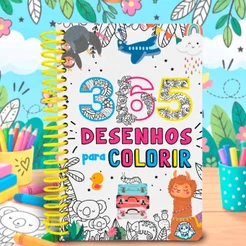 Livro Infantil 365 Desenhos Para Colorir Livro De Pintura Capa C/ Glitter Espiral Folhas Brancas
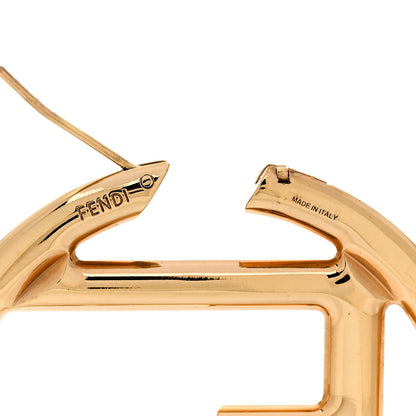 Fendi Metal FF Hoop Earrings Gold Silver 4 of 4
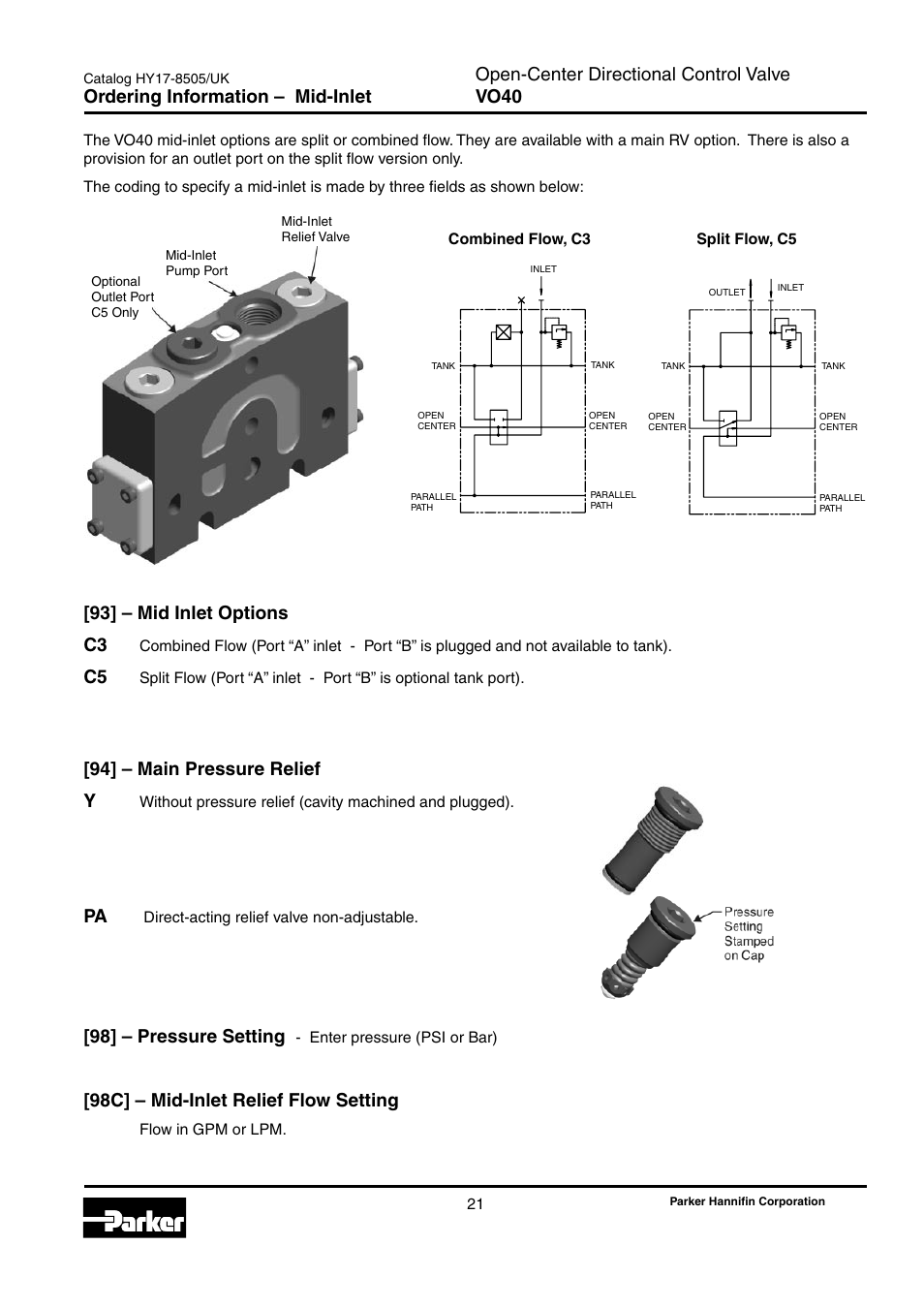 Ordering information – mid-inlet, Mid-inlet, Open-center directional control valve vo40 | 93] – mid inlet options c3, 94] – main pressure relief y, 98] – pressure setting, 98c] – mid-inlet relief flow setting | Parker Hannifin VO40 User Manual | Page 25 / 28
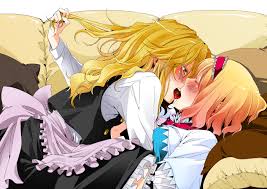 youko (santarose), alice margatroid, kirisame marisa, touhou, 2girls,  apron, blonde hair, blush, chocolate, couch, couple, female focus, food,  grabbing anothers hair, kiss, long hair, multiple girls, sweets,  valentine, yuri - Image View - |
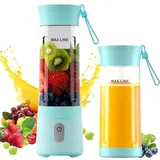 COKUNST Tragbarer Mixer für Smoothies und Shakes, 530ml Smoothie Maker mit 6 Klingen, Wiederaufladbarem Typ-C Portable Blender mit Reisedeckel, Mini Standmixer für Reisen, Küche (Grün)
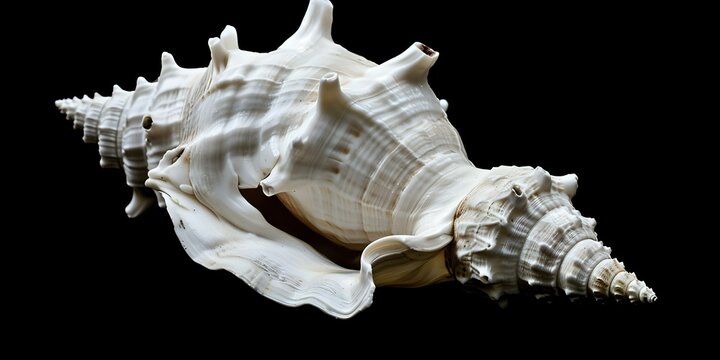 Isolated white horse conch shell with unique Pleuroploca trapezium trapezium markings. Concept Seashell Photography, White Horse Conch, Pleuroploca Trapezium, Isolated Marine Species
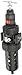 Parker 07E42A13TC One Piece Filter/Regulator, 3/4" NPT, Polycarbonate with Metal Bowl Guard, Twist Drain, 40 micron, 90 scfm, T-Handle, 2-125 psig Pressure Range, without Gauge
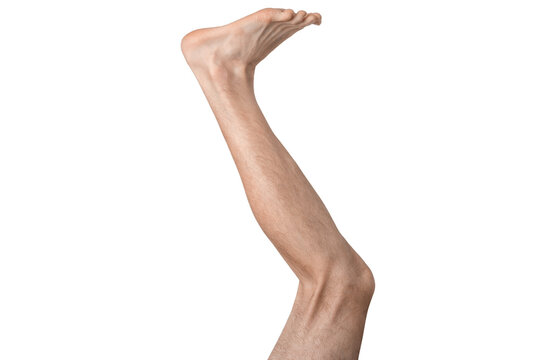Man's leg isolated on white background, upright.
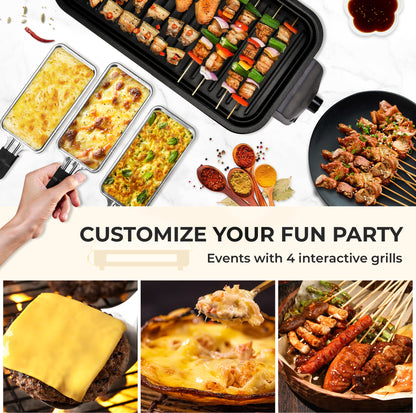 Black Indoor Smokeless Electric Grill, Non-Stick Cooking Removable Plate, Portable Electric Korean BBQ Grill with Removable Temperature Control, Dishwasher Safe, 1500W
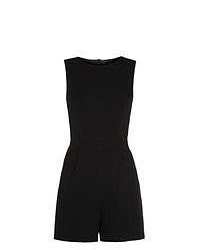 New Look Black Crepe Cut Out Back Panelled Playsuit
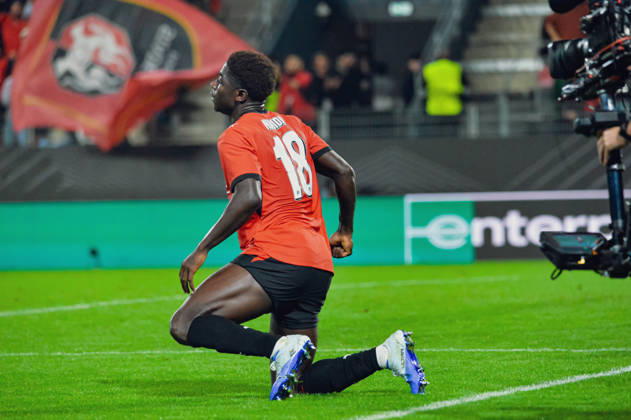 FOOTBALL : Stade Rennais vs OFI Crete - Europa League - Journée 2 - 15 10 2026 Joie des joueurs du Stade Rennais aprés le but de Mahamadou Nagida (Stade Rennais) RennesFrance  Copyright: xBaptistexAutissierx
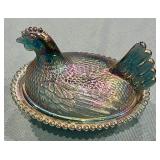 Blue Iridescent Carnival Hen on Nest;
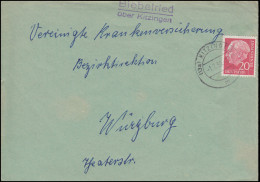 Landpost-Stempel Biebelried über KITZINGEN 1.7.1958 Auf Brief Nach Würzburg - Sonstige & Ohne Zuordnung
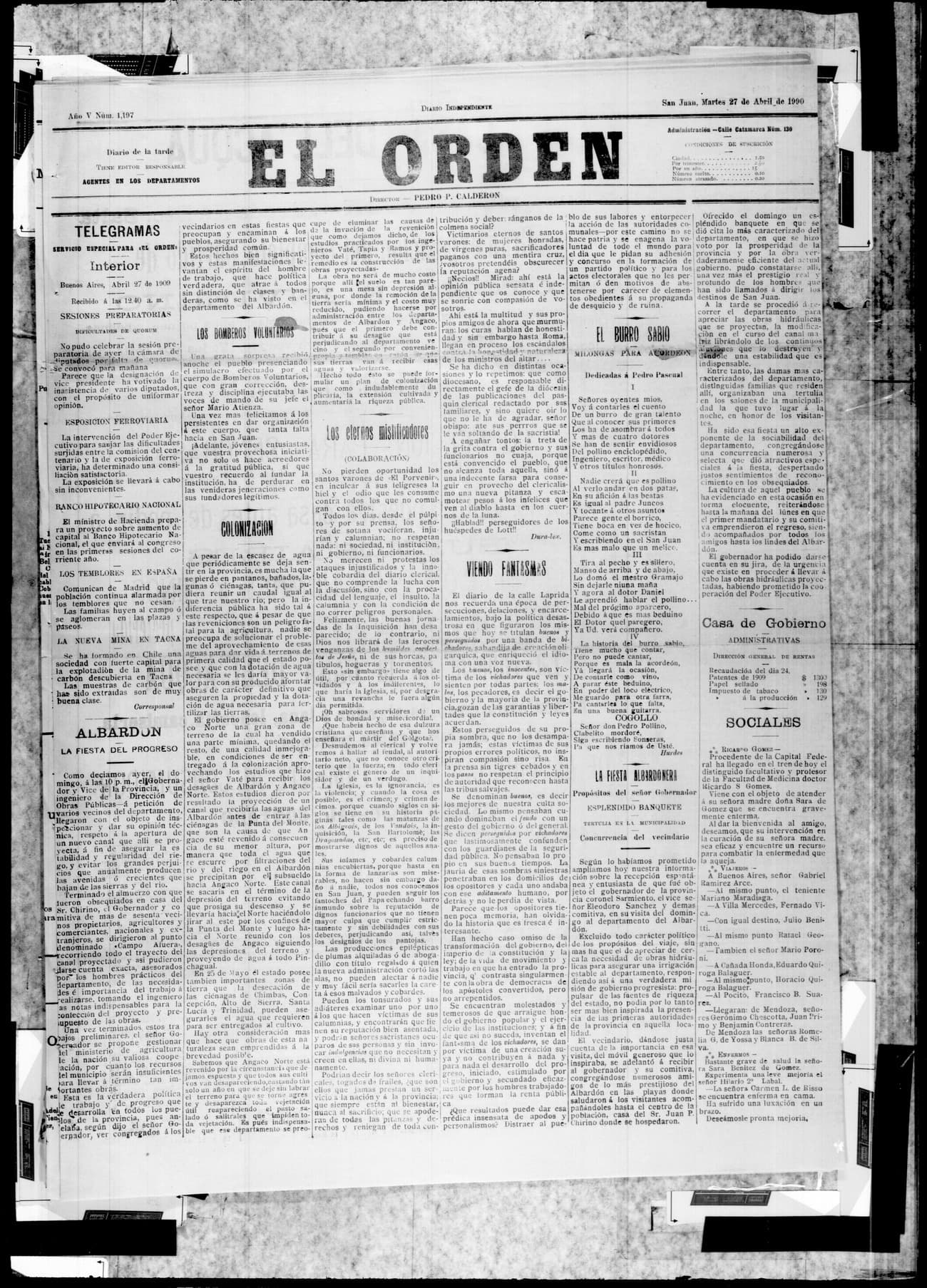 Portada · 27 de Abril de 1909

* * *

● **Activity**
What is needed is the exact run of lines from the start of the data through the line with "Fendi Metal FF", both ends included, minus the pictures.

● **Task output**
 Livro Infantil 365 Desenhos Para Colorir Livro De Pintura Capa C/ Glitter Espiral Folhas Brancas
 Fendi Metal FF Hoop Earrings Gold Silver 4 of 4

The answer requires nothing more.